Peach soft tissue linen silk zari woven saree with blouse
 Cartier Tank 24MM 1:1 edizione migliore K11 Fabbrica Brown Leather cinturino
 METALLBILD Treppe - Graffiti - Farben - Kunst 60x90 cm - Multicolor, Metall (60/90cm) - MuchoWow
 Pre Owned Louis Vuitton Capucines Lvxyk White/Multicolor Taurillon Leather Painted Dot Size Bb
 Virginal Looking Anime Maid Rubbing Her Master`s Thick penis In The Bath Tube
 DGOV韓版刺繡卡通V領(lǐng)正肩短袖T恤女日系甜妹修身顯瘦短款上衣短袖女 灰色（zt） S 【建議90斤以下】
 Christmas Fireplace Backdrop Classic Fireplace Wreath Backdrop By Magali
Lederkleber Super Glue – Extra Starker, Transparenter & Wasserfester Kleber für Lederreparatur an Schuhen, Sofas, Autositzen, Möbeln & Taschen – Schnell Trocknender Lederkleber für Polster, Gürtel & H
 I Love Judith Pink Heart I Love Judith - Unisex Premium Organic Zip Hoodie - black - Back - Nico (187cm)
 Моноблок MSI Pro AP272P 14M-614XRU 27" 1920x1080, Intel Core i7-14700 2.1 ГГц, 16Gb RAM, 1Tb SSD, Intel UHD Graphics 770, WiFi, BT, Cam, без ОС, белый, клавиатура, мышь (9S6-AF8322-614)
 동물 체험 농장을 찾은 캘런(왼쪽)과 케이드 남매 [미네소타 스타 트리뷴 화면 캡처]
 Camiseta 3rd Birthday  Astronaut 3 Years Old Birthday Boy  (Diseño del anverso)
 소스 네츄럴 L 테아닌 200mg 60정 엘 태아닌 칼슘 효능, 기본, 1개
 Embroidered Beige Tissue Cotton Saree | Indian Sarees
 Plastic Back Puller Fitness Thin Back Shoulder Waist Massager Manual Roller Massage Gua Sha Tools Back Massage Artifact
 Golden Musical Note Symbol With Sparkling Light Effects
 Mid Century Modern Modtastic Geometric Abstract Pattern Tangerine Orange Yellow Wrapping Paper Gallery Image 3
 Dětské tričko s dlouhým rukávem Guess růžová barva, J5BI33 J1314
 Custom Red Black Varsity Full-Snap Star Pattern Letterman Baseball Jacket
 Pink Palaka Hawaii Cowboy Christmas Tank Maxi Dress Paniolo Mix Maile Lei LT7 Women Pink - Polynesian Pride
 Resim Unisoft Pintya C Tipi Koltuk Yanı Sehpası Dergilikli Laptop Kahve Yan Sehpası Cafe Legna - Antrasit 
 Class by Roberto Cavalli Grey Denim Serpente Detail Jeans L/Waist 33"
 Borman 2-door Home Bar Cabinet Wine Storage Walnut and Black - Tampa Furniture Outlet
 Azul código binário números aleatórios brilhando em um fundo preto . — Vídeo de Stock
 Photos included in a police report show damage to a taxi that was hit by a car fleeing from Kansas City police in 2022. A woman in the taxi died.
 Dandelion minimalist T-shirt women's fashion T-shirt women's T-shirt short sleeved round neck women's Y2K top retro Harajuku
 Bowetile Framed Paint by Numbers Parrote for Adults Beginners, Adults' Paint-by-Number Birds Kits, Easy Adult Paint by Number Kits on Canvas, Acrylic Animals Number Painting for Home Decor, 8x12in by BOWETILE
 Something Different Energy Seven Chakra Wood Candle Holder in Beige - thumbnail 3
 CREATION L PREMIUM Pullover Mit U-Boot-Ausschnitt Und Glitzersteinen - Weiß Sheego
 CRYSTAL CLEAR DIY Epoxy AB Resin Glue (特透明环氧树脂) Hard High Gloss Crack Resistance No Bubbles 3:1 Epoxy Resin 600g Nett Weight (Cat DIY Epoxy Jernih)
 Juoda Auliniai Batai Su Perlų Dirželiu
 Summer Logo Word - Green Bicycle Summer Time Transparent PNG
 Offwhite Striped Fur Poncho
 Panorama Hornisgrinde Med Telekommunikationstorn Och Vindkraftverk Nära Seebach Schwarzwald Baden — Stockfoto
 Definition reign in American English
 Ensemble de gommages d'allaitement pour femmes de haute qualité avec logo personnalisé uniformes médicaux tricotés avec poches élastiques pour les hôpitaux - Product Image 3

* Your task
Copy out all of the records, keeping every line identical.

* Solved exercise
Peach soft tissue linen silk zari woven saree with blouse
 Cartier Tank 24MM 1:1 edizione migliore K11 Fabbrica Brown Leather cinturino
 METALLBILD Treppe - Graffiti - Farben - Kunst 60x90 cm - Multicolor, Metall (60/90cm) - MuchoWow
 Pre Owned Louis Vuitton Capucines Lvxyk White/Multicolor Taurillon Leather Painted Dot Size Bb
 Virginal Looking Anime Maid Rubbing Her Master`s Thick penis In The Bath Tube
 DGOV韓版刺繡卡通V領(lǐng)正肩短袖T恤女日系甜妹修身顯瘦短款上衣短袖女 灰色（zt） S 【建議90斤以下】
 Christmas Fireplace Backdrop Classic Fireplace Wreath Backdrop By Magali
Lederkleber Super Glue – Extra Starker, Transparenter & Wasserfester Kleber für Lederreparatur an Schuhen, Sofas, Autositzen, Möbeln & Taschen – Schnell Trocknender Lederkleber für Polster, Gürtel & H
 I Love Judith Pink Heart I Love Judith - Unisex Premium Organic Zip Hoodie - black - Back - Nico (187cm)
 Моноблок MSI Pro AP272P 14M-614XRU 27" 1920x1080, Intel Core i7-14700 2.1 ГГц, 16Gb RAM, 1Tb SSD, Intel UHD Graphics 770, WiFi, BT, Cam, без ОС, белый, клавиатура, мышь (9S6-AF8322-614)
 동물 체험 농장을 찾은 캘런(왼쪽)과 케이드 남매 [미네소타 스타 트리뷴 화면 캡처]
 Camiseta 3rd Birthday  Astronaut 3 Years Old Birthday Boy  (Diseño del anverso)
 소스 네츄럴 L 테아닌 200mg 60정 엘 태아닌 칼슘 효능, 기본, 1개
 Embroidered Beige Tissue Cotton Saree | Indian Sarees
 Plastic Back Puller Fitness Thin Back Shoulder Waist Massager Manual Roller Massage Gua Sha Tools Back Massage Artifact
 Golden Musical Note Symbol With Sparkling Light Effects
 Mid Century Modern Modtastic Geometric Abstract Pattern Tangerine Orange Yellow Wrapping Paper Gallery Image 3
 Dětské tričko s dlouhým rukávem Guess růžová barva, J5BI33 J1314
 Custom Red Black Varsity Full-Snap Star Pattern Letterman Baseball Jacket
 Pink Palaka Hawaii Cowboy Christmas Tank Maxi Dress Paniolo Mix Maile Lei LT7 Women Pink - Polynesian Pride
 Resim Unisoft Pintya C Tipi Koltuk Yanı Sehpası Dergilikli Laptop Kahve Yan Sehpası Cafe Legna - Antrasit 
 Class by Roberto Cavalli Grey Denim Serpente Detail Jeans L/Waist 33"
 Borman 2-door Home Bar Cabinet Wine Storage Walnut and Black - Tampa Furniture Outlet
 Azul código binário números aleatórios brilhando em um fundo preto . — Vídeo de Stock
 Photos included in a police report show damage to a taxi that was hit by a car fleeing from Kansas City police in 2022. A woman in the taxi died.
 Dandelion minimalist T-shirt women's fashion T-shirt women's T-shirt short sleeved round neck women's Y2K top retro Harajuku
 Bowetile Framed Paint by Numbers Parrote for Adults Beginners, Adults' Paint-by-Number Birds Kits, Easy Adult Paint by Number Kits on Canvas, Acrylic Animals Number Painting for Home Decor, 8x12in by BOWETILE
 Something Different Energy Seven Chakra Wood Candle Holder in Beige - thumbnail 3
 CREATION L PREMIUM Pullover Mit U-Boot-Ausschnitt Und Glitzersteinen - Weiß Sheego
 CRYSTAL CLEAR DIY Epoxy AB Resin Glue (特透明环氧树脂) Hard High Gloss Crack Resistance No Bubbles 3:1 Epoxy Resin 600g Nett Weight (Cat DIY Epoxy Jernih)
 Juoda Auliniai Batai Su Perlų Dirželiu
 Summer Logo Word - Green Bicycle Summer Time Transparent PNG
 Offwhite Striped Fur Poncho
 Panorama Hornisgrinde Med Telekommunikationstorn Och Vindkraftverk Nära Seebach Schwarzwald Baden — Stockfoto
 Definition reign in American English
 Ensemble de gommages d'allaitement pour femmes de haute qualité avec logo personnalisé uniformes médicaux tricotés avec poches élastiques pour les hôpitaux - Product Image 3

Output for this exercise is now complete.